## Information supplied:
################
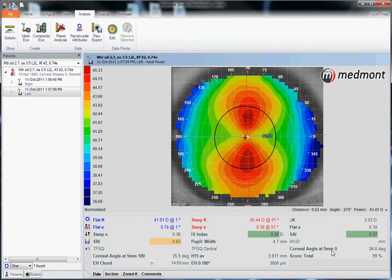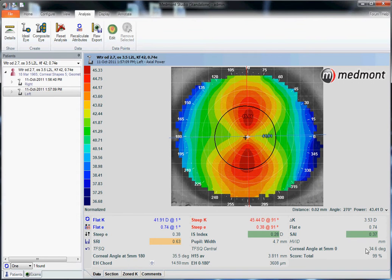The corneal angle at 5 millimeters out at 0 degrees, as well as the corneal angle at 5 millimeters out at 180 degrees. These angles are used to determine the anterior chamber depth for scleral lens fitting. The steeper the angle, the higher the anterior chamber depth; the flatter the angle, the lower the anterior chamber depth.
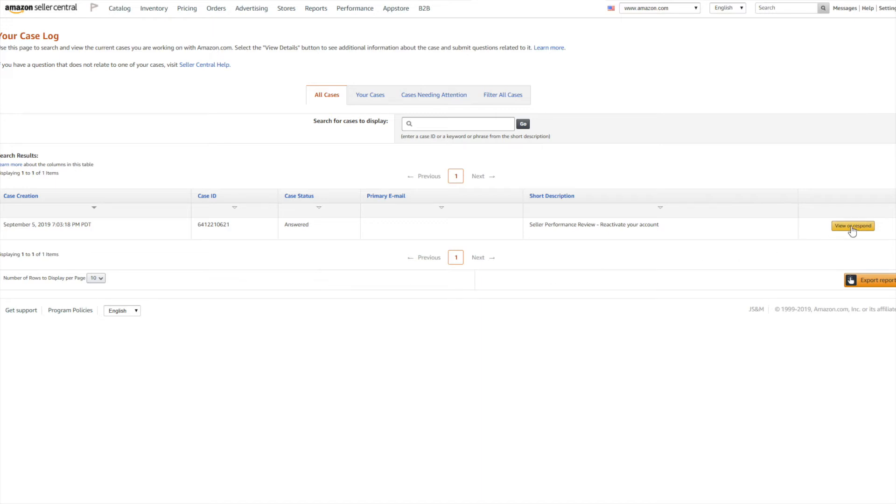Just reply and respond to that case just to keep it open. For example, you can say something like, 'Thank you for your continued patience, we will get back to you as soon as I can,' your name. This will keep the case alive or active.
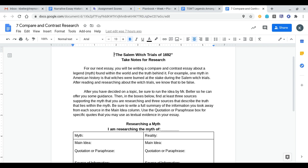It is covering the same information that we talked about last week with the Salem Witch Trials. We're continuing on with that idea of information in the past and the possibility of myths and legends. What we're going to do for our next essay is write a compare and contrast essay about a legend or myth found within the world and the truth behind it.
################
## The task:
Strip out the pictures and repeat the listing above exactly.

## Written solution:
The corneal angle at 5 millimeters out at 0 degrees, as well as the corneal angle at 5 millimeters out at 180 degrees. These angles are used to determine the anterior chamber depth for scleral lens fitting. The steeper the angle, the higher the anterior chamber depth; the flatter the angle, the lower the anterior chamber depth.
Just reply and respond to that case just to keep it open. For example, you can say something like, 'Thank you for your continued patience, we will get back to you as soon as I can,' your name. This will keep the case alive or active.
It is covering the same information that we talked about last week with the Salem Witch Trials. We're continuing on with that idea of information in the past and the possibility of myths and legends. What we're going to do for our next essay is write a compare and contrast essay about a legend or myth found within the world and the truth behind it.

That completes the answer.